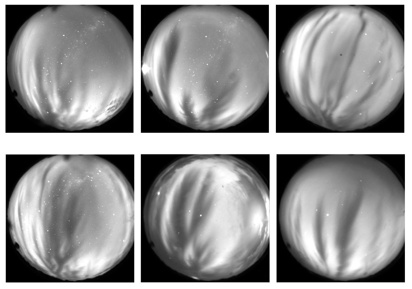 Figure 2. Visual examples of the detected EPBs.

==

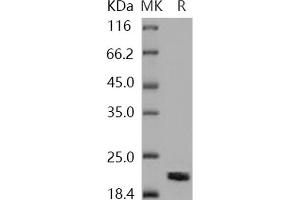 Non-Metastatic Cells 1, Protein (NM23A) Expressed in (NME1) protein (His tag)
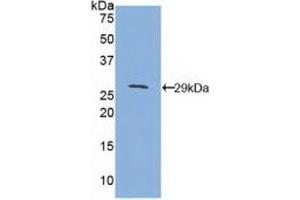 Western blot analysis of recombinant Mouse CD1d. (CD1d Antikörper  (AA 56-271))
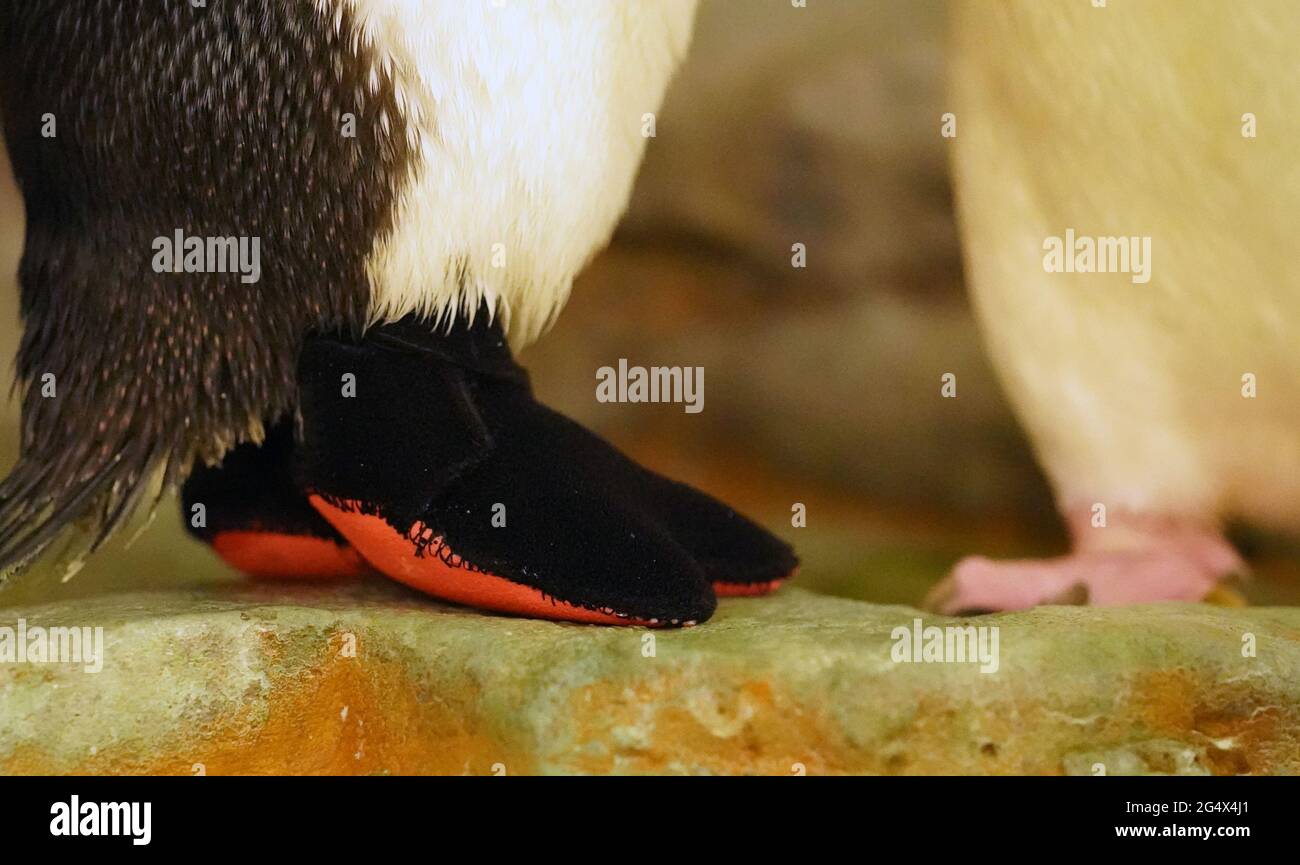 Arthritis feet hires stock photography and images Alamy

==

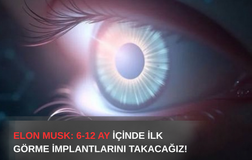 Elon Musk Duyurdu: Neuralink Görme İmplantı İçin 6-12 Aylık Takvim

### [ASSIGNMENT]
Return exactly the part of the listing above that opens with the line containing "Non-Metastatic Cells 1, Protein" and closes with the line containing "Arthritis feet hires". Pictures stay out.

### [SOLUTION]
 Non-Metastatic Cells 1, Protein (NM23A) Expressed in (NME1) protein (His tag)
 Western blot analysis of recombinant Mouse CD1d. (CD1d Antikörper  (AA 56-271))
 Arthritis feet hires stock photography and images Alamy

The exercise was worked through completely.